Earthwork, Culleen More, Co. Westmeath
Co. Westmeath |
Ritual/Ceremonial
In the pastureland of Culleen More, on a gentle natural rise in County Westmeath, there is a site that exists almost entirely as an absence.
It appears on one map, and then it does not. No earthwork survives, no surface trace, no feature that an observer standing in the field could point to and name. What makes this place worth pausing over is precisely that quality of erasure, the way it sits in the record as something that was once considered significant enough to document, and then quietly ceased to be there at all.

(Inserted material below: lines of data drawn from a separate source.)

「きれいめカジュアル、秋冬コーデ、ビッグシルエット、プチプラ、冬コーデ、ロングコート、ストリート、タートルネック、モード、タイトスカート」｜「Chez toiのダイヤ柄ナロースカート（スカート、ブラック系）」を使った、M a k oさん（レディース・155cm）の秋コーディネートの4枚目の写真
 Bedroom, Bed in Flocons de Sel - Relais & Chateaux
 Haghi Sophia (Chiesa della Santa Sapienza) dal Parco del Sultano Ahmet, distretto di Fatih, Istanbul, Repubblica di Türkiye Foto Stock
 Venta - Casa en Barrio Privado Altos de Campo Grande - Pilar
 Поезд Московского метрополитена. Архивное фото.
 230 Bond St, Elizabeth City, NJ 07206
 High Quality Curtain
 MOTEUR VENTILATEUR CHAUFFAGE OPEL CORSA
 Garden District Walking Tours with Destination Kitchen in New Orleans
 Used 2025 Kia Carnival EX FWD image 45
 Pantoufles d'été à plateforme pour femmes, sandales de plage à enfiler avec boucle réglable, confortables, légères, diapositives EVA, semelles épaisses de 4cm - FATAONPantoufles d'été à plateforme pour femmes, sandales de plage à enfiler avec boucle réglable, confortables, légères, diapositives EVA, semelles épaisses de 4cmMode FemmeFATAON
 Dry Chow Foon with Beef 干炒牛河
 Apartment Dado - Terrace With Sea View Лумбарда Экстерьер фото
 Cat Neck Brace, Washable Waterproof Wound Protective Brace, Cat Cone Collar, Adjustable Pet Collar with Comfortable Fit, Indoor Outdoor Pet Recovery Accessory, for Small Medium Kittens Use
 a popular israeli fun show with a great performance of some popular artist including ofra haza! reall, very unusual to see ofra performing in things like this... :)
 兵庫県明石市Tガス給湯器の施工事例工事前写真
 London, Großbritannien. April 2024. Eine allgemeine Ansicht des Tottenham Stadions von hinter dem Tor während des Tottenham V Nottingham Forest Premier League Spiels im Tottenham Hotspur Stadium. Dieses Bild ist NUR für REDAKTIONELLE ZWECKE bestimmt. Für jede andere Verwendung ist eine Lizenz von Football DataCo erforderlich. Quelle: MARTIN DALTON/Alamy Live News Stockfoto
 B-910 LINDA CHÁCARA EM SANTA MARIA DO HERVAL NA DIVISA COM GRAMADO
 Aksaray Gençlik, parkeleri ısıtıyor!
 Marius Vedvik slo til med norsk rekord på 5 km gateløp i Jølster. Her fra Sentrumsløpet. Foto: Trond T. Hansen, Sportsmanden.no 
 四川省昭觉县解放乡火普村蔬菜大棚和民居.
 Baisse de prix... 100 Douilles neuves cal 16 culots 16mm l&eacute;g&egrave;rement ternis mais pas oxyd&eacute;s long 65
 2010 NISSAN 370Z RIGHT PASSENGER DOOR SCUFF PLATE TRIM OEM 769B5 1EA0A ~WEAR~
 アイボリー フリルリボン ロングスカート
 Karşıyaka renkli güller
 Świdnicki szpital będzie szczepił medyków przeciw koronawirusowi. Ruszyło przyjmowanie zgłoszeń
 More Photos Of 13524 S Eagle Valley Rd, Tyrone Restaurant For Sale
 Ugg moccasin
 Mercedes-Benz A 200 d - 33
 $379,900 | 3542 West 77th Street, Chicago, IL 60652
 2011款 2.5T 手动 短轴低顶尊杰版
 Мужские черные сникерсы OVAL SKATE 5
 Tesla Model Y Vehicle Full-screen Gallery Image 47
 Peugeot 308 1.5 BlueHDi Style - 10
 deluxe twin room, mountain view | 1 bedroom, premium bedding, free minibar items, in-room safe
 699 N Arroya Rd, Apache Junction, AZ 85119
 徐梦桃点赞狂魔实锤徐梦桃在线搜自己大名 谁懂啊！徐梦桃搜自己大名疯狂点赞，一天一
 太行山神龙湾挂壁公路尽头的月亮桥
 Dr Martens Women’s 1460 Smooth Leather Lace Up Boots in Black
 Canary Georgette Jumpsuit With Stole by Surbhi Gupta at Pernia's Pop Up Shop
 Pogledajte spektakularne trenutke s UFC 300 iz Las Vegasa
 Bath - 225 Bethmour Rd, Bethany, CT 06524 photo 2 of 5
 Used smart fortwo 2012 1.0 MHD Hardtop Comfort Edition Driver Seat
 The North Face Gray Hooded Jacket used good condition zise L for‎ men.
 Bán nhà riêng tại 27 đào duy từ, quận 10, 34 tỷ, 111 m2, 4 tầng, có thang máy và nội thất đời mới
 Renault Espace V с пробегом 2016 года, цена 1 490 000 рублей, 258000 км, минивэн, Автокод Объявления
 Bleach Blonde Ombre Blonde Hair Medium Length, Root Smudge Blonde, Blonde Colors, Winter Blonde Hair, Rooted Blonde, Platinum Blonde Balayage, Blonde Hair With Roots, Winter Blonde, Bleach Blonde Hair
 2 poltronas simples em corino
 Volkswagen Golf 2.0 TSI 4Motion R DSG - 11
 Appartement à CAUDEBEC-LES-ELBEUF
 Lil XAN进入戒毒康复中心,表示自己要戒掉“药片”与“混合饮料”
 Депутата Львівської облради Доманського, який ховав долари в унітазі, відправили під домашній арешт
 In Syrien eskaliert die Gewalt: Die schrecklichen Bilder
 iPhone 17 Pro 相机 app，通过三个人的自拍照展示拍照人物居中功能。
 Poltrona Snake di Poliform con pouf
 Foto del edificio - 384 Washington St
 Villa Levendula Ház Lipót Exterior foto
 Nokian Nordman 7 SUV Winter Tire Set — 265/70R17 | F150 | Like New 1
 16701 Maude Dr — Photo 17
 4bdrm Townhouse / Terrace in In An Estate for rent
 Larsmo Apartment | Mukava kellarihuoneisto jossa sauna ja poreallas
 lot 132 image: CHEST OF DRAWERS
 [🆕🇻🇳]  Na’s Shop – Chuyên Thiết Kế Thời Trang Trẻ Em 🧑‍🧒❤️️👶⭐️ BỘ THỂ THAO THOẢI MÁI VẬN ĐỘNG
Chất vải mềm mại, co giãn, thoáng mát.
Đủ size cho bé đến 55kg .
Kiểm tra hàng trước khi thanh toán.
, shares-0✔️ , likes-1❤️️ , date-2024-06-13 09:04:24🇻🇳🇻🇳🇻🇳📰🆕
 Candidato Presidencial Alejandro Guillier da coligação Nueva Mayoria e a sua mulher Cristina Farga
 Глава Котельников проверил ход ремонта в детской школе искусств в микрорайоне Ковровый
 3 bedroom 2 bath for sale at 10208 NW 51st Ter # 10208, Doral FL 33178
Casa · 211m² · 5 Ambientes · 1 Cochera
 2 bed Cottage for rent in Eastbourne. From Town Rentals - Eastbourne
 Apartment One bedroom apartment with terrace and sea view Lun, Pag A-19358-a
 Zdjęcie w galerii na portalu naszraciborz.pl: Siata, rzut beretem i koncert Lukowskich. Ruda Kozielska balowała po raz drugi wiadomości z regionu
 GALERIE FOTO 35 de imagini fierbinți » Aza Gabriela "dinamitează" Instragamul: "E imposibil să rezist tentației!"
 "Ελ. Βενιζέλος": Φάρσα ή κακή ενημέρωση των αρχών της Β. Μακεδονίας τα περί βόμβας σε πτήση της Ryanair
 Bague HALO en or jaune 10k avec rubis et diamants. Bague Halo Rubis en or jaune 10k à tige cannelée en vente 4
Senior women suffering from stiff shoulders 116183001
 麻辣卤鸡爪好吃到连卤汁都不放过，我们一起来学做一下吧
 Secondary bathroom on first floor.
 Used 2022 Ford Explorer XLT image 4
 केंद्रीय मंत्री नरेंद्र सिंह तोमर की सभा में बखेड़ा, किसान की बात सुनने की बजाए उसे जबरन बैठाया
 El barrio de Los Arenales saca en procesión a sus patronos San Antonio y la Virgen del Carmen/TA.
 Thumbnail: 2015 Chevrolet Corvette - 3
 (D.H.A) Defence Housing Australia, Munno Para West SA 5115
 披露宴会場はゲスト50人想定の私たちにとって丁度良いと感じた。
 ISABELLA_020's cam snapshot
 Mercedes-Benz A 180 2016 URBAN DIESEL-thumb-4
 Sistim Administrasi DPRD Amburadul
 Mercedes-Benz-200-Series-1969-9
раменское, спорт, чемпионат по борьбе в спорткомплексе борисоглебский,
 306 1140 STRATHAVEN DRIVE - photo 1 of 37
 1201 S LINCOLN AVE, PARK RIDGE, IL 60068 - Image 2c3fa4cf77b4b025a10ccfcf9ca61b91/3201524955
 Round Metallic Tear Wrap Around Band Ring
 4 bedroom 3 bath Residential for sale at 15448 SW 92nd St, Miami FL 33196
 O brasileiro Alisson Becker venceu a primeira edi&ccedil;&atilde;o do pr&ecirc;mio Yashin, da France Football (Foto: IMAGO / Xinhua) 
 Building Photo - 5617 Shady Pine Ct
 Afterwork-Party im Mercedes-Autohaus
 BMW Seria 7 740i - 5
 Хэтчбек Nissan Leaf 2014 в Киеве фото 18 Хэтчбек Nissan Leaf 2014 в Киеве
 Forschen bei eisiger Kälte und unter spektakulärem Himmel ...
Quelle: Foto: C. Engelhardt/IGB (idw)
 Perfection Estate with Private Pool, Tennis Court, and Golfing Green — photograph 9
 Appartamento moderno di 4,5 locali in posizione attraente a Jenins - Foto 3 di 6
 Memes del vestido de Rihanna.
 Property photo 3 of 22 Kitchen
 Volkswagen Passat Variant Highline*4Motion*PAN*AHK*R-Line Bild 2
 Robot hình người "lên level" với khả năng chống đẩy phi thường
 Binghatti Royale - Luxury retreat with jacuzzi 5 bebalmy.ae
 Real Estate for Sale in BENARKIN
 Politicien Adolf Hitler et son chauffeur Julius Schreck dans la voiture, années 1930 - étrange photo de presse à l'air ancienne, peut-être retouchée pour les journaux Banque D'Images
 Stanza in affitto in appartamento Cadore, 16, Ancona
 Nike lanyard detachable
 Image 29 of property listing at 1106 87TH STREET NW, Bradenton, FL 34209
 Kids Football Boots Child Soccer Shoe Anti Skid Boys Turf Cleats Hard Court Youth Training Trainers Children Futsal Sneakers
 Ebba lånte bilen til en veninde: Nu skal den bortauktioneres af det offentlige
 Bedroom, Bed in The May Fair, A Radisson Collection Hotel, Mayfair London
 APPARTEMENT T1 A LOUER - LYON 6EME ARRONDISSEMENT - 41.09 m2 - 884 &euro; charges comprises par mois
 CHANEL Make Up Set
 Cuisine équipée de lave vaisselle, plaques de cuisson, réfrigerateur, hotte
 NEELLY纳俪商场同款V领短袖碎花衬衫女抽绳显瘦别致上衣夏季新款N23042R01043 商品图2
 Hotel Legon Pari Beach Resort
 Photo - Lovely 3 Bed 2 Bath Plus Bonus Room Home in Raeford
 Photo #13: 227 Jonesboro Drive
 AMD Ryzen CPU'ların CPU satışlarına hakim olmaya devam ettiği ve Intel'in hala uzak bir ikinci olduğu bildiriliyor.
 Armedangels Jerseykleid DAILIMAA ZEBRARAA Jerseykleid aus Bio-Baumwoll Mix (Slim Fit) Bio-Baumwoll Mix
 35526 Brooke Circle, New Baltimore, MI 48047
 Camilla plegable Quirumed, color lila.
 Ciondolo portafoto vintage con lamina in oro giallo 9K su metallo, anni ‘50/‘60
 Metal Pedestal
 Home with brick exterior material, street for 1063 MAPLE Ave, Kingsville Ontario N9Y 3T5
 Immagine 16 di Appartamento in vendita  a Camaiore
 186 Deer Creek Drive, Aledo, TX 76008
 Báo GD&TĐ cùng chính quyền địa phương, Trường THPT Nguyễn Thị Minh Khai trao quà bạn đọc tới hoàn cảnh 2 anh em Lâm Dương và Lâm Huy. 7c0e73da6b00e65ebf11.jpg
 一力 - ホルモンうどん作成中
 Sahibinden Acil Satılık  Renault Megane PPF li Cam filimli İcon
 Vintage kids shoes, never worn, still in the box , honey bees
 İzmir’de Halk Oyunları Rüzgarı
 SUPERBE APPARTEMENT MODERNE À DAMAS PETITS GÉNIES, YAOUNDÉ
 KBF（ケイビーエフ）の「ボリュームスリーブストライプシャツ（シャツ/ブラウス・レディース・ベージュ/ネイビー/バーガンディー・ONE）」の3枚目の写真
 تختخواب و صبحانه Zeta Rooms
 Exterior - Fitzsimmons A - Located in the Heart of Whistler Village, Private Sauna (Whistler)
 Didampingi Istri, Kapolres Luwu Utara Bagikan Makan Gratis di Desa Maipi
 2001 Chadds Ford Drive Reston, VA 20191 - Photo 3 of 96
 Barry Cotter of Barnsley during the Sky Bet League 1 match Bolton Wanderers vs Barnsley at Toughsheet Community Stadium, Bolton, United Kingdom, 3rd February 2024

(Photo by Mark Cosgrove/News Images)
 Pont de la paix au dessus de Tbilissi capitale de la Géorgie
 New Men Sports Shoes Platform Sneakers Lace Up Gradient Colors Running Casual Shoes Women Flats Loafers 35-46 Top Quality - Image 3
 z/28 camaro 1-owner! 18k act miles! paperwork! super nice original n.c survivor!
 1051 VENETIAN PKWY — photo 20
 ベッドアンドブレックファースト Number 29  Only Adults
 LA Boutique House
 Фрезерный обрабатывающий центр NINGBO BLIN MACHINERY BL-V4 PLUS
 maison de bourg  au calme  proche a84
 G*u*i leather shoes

The sole evidence for any monument here comes from William Larkin's 1808 map of County Westmeath, now held in the National Library of Ireland. Larkin, a surveyor working in the early nineteenth century, marked the site as an earthwork, a broad category that could encompass anything from a ringfort or enclosure to the remains of a field system or boundary bank. When the Ordnance Survey produced its six-inch map in 1837, the feature had either been overlooked or had already disappeared from the landscape. The revised twenty-five-inch edition of 1913 similarly shows nothing. By 1984, a ground survey confirmed what the cartographic silence had suggested: no surface remains were visible, and nothing of archaeological significance could be identified in the area. More recent aerial photography has found the same.